Kekerasan Cederai Ramadan, Rakyat dan Aparat Mestinya Imsak
JAKARTA-Mantan Ketua Umum PP Muhammadiyah Prof. Din Syamsuddin mengatakan belasan nyawa, termasuk usia remaja hilang sia-sia.
Bahkan, kata dia, ada yang belum diketahui nasibnya terkait peristiwa 21-23 Mei.
"Hal ini, tidak bisa tidak, adalah buah dari kekerasan yang mengenaskan yang terjadi pada Bulan Suci Ramadan. Seyogianya semua pihak, baik rakyat maupun aparat, dapat melakukan imsak atau pengendalian diri sebagai esensi ibadah Ramadan," kata Din via siaran persnya yang diterima di Jakarta, Rabu (29/05).
Din meingatkan agar semua pihak menghindari Indonesia meluncur menjadi negara kekerasan menyusul kericuhan yang terjadi pada 21 hingga 23 Mei tersebut.
"Peristiwa 21 sampai dengan 23 Mei sebagai reaksi terhadap penetapan hasil pemilu oleh KPU, dinilai sebagian rakyat tidak jujur dan tidak. Peristiwa kekerasan itu sungguh memprihatinkan," ujarnya.

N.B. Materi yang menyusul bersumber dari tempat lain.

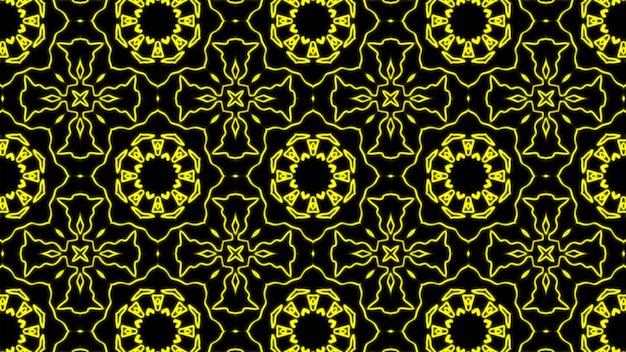 Abstract yellow geometric seamless pattern background Premium Photo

Namun, sambung Din, nasi telah menjadi bubur karena kekerasan telah mencederai kesucian Ramadan.
"Lebih parah lagi jika kekerasan fisik yang telah menimbulkan korban itu masih berlanjut pada kekerasan verbal dalam bentuk saling menyalahkan, bahkan dengan saling melempar tuduhan, dengan klaim akan kebenaran secara sepihak. Inilah awal dari malapetaka kebangsaan," katanya
Menurutnya, tiada jalan lain untuk mengatasinya kecuali negara harus hadir menegakkan keadilan dan kebenaran.
"Jangan sampai negara abai dan meluncur menjadi negara kekerasan dengan menampilkan kekerasan negara (state violence)," ujar dia.
Din kemudian mengusulkan dilakukan tabayun melalui Tim Pencarian Fakta. "Kalau tidak, Tragedi Ramadan 2019 ini akan menjadi lembaran hitam dalam kehidupan kebangsaan kita," katanya.
Dia menilai sekarang saatnya keadilan dan kebenaran ditegakkan. "Kalau tidak, Allah Yang Maha Adil akan menegakkannya, kalau tidak di dunia maka pasti di akhirat nanti," tutupnya. (Ant)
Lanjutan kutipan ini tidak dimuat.